= Beginning of Section =

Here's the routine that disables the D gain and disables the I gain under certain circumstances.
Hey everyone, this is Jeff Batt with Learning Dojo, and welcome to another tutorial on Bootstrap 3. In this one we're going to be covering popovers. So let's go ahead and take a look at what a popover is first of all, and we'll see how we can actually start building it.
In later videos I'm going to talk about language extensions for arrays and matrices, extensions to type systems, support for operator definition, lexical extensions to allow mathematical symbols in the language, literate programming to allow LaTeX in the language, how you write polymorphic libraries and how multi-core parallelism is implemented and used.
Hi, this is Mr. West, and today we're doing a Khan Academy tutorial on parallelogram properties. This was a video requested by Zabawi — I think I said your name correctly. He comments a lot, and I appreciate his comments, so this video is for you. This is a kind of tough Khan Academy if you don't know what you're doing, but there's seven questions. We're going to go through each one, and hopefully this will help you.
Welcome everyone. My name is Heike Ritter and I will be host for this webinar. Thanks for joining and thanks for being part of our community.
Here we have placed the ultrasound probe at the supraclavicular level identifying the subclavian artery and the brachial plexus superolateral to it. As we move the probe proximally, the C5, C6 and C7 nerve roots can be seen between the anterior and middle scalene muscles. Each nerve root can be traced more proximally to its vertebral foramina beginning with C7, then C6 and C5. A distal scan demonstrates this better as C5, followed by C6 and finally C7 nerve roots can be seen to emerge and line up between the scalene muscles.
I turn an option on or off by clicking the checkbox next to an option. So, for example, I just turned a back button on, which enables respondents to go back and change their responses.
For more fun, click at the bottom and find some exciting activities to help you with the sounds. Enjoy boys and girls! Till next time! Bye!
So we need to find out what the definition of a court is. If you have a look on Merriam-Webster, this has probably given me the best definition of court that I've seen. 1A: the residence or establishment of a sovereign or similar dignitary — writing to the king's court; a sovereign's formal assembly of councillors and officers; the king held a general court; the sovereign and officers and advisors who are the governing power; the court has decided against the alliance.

= End of Section =

Instructions for the task
From the material above, set down exactly the lines starting at the one with "Hey everyone, this" and ending at the one with "Hi, this is", end lines included.

Solution to this problem
Hey everyone, this is Jeff Batt with Learning Dojo, and welcome to another tutorial on Bootstrap 3. In this one we're going to be covering popovers. So let's go ahead and take a look at what a popover is first of all, and we'll see how we can actually start building it.
In later videos I'm going to talk about language extensions for arrays and matrices, extensions to type systems, support for operator definition, lexical extensions to allow mathematical symbols in the language, literate programming to allow LaTeX in the language, how you write polymorphic libraries and how multi-core parallelism is implemented and used.
Hi, this is Mr. West, and today we're doing a Khan Academy tutorial on parallelogram properties. This was a video requested by Zabawi — I think I said your name correctly. He comments a lot, and I appreciate his comments, so this video is for you. This is a kind of tough Khan Academy if you don't know what you're doing, but there's seven questions. We're going to go through each one, and hopefully this will help you.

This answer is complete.